▸ What is being asked
When you copy from the entries that follow, take only the lines from the one with "Alfa Romeo Giulietta" down to the one with "Un pittoresco angolo", keeping both ends and dropping every picture.

*** Data in this exercise Section Begins ***

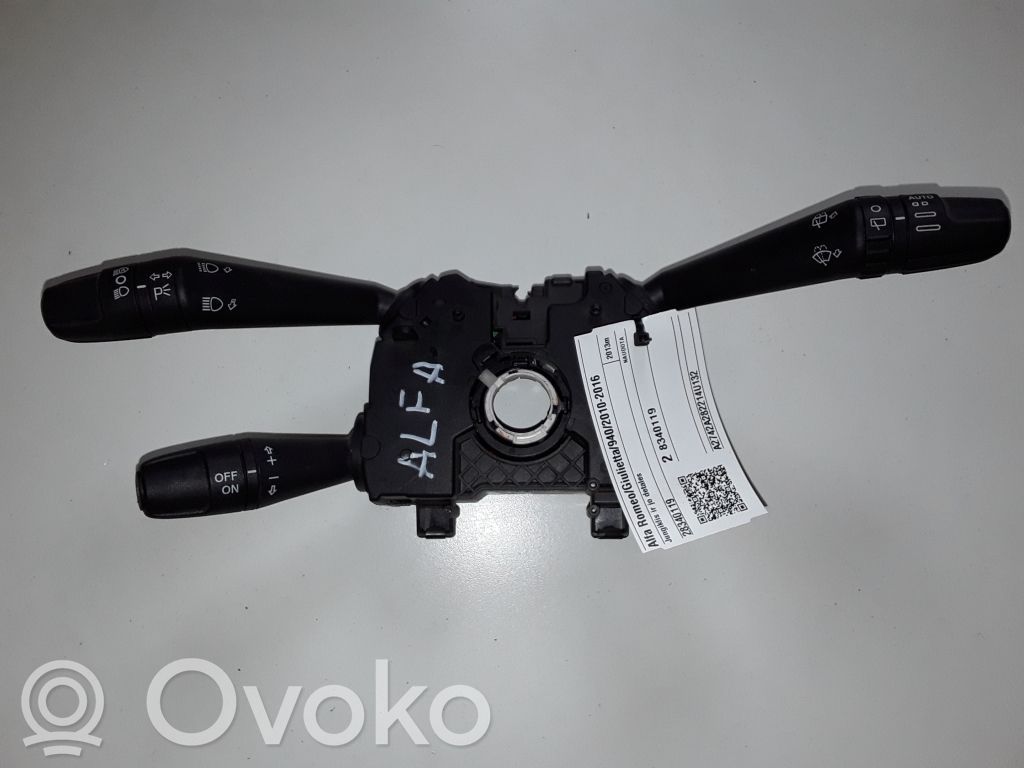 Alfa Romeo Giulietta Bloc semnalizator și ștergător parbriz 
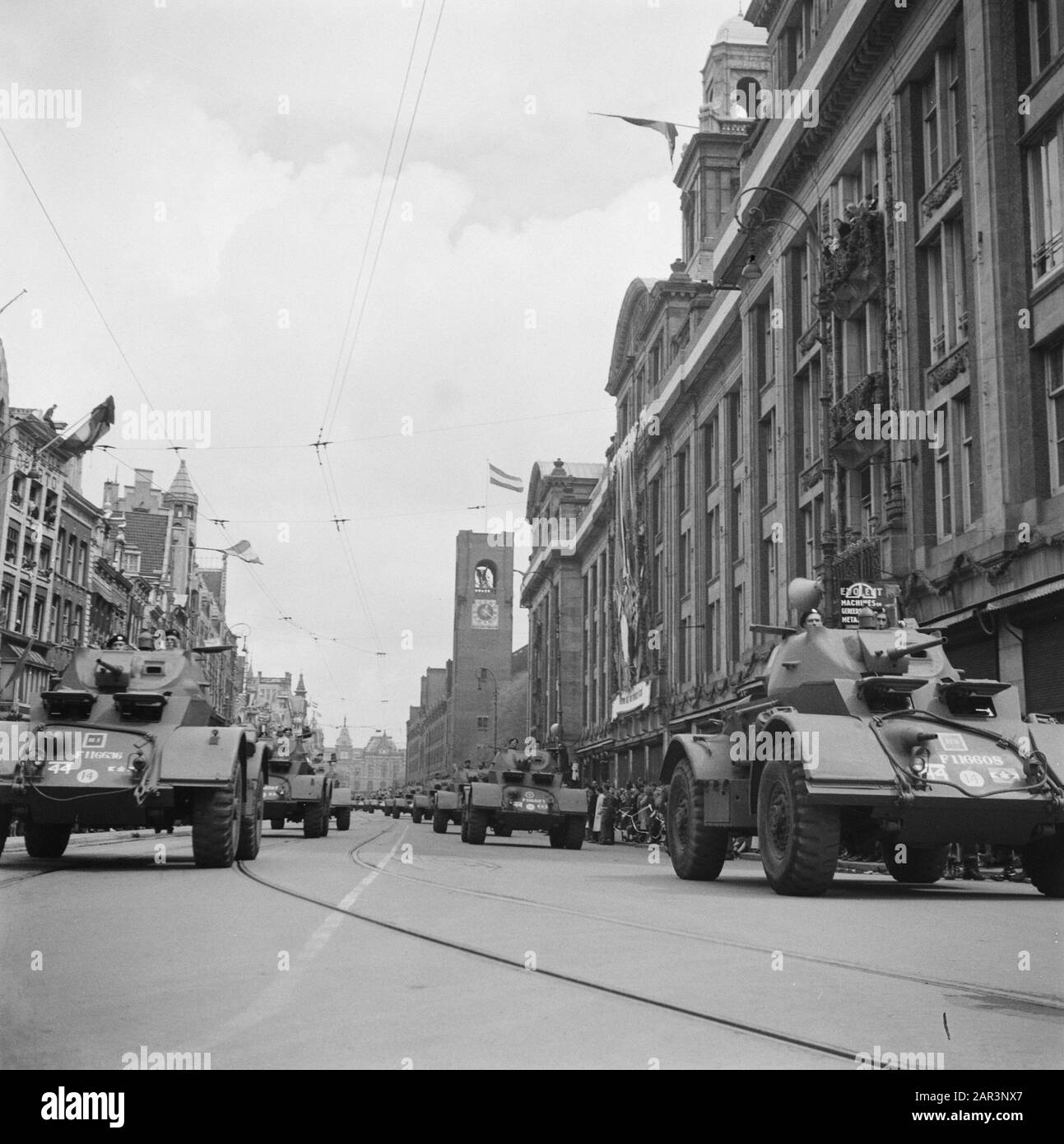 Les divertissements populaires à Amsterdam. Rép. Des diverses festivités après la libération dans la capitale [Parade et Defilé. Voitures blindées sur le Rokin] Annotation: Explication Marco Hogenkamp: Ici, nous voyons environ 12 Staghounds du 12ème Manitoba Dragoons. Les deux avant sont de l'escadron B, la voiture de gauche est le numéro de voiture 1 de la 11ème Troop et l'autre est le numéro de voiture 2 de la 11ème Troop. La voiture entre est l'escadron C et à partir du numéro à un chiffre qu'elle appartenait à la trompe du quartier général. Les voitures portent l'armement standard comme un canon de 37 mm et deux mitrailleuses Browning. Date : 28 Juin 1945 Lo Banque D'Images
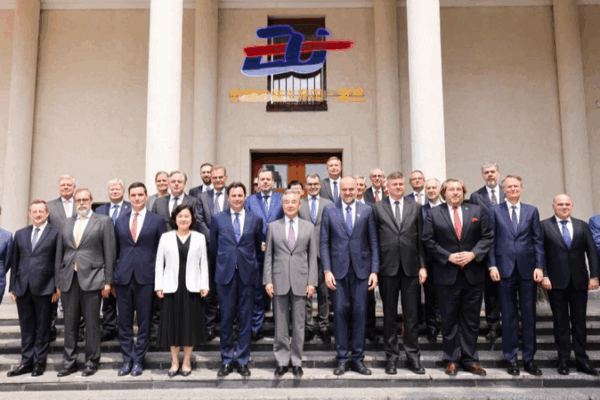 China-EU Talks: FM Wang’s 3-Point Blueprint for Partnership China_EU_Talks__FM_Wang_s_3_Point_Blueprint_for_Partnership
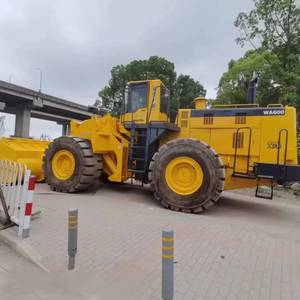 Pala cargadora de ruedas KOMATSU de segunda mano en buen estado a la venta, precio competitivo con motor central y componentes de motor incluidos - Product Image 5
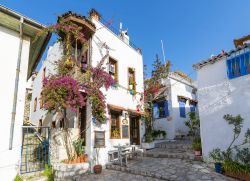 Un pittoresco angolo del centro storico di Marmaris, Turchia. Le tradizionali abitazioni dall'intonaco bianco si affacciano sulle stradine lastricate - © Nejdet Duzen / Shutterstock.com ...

*** Data in this exercise Section Ends ***
*** Data in this exercise Section Begins ***

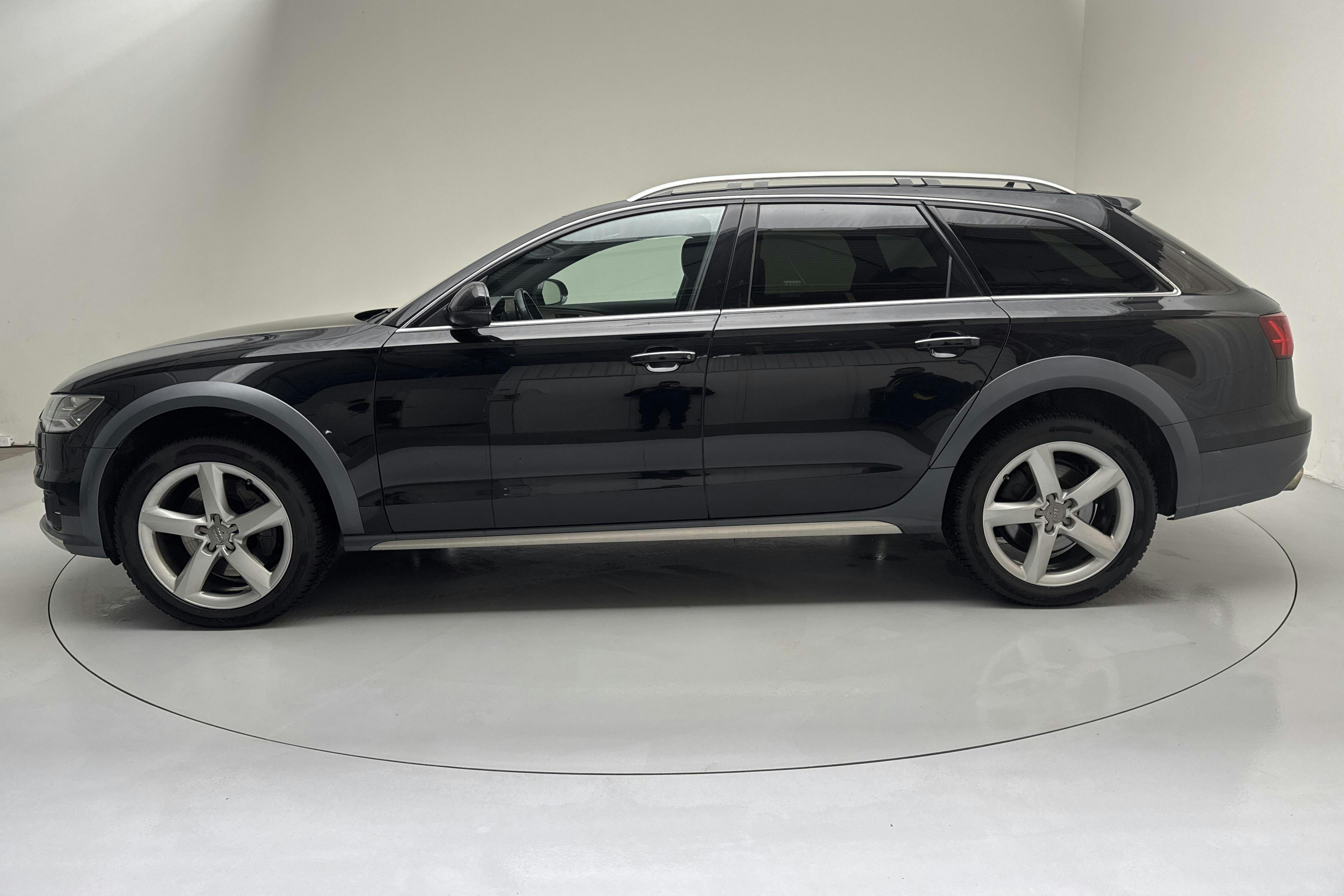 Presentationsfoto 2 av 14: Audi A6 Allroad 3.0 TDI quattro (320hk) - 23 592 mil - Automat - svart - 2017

*** Data in this exercise Section Ends ***

▸ Exercise answer
 Alfa Romeo Giulietta Bloc semnalizator și ștergător parbriz 
 Les divertissements populaires à Amsterdam. Rép. Des diverses festivités après la libération dans la capitale [Parade et Defilé. Voitures blindées sur le Rokin] Annotation: Explication Marco Hogenkamp: Ici, nous voyons environ 12 Staghounds du 12ème Manitoba Dragoons. Les deux avant sont de l'escadron B, la voiture de gauche est le numéro de voiture 1 de la 11ème Troop et l'autre est le numéro de voiture 2 de la 11ème Troop. La voiture entre est l'escadron C et à partir du numéro à un chiffre qu'elle appartenait à la trompe du quartier général. Les voitures portent l'armement standard comme un canon de 37 mm et deux mitrailleuses Browning. Date : 28 Juin 1945 Lo Banque D'Images
 China-EU Talks: FM Wang’s 3-Point Blueprint for Partnership China_EU_Talks__FM_Wang_s_3_Point_Blueprint_for_Partnership
 Pala cargadora de ruedas KOMATSU de segunda mano en buen estado a la venta, precio competitivo con motor central y componentes de motor incluidos - Product Image 5
 Un pittoresco angolo del centro storico di Marmaris, Turchia. Le tradizionali abitazioni dall'intonaco bianco si affacciano sulle stradine lastricate - © Nejdet Duzen / Shutterstock.com ...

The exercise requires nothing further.